===== SOURCE MATERIAL

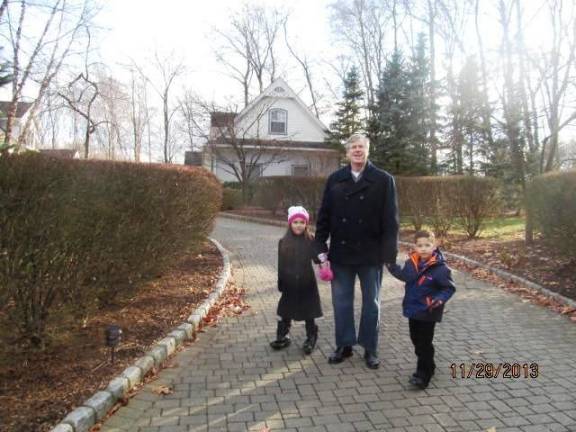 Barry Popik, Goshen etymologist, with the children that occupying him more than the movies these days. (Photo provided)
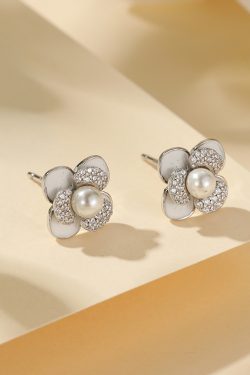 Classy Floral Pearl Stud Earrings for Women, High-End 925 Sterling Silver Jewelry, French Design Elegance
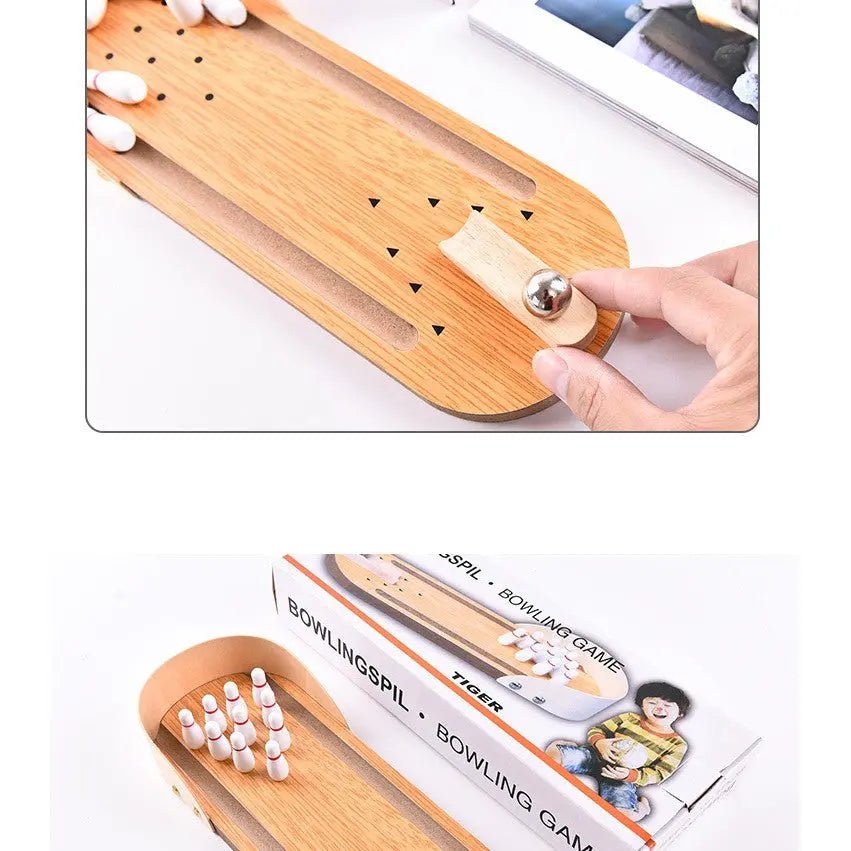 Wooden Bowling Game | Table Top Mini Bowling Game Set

==========
===== SOURCE MATERIAL

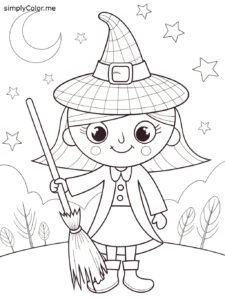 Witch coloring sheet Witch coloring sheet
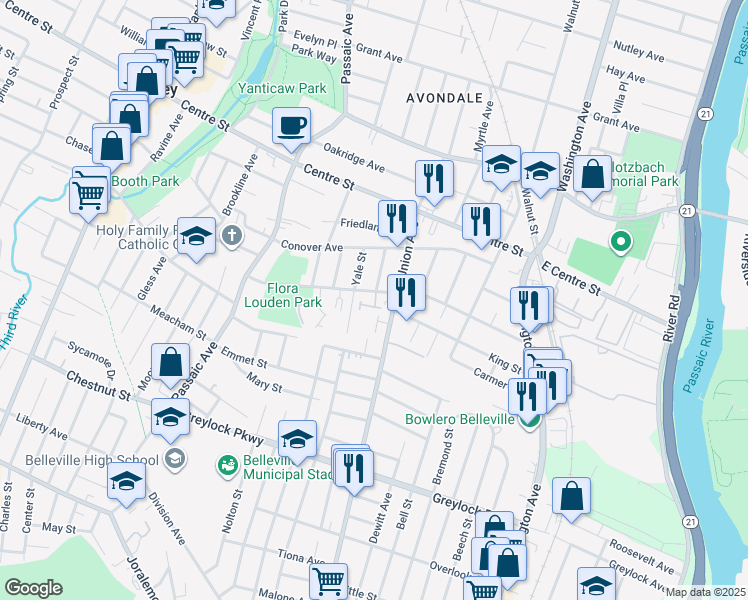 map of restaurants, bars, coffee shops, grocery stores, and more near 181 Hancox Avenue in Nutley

==========

*AIM OF THE EXERCISE*:
Of the lines above, quote exactly those from the one with "Witch coloring sheet Witch coloring sheet" through the one with "map of restaurants, bars, coffee", ends included; pictures stay out.

*EXPECTED OUTPUT*:
 Witch coloring sheet Witch coloring sheet
 map of restaurants, bars, coffee shops, grocery stores, and more near 181 Hancox Avenue in Nutley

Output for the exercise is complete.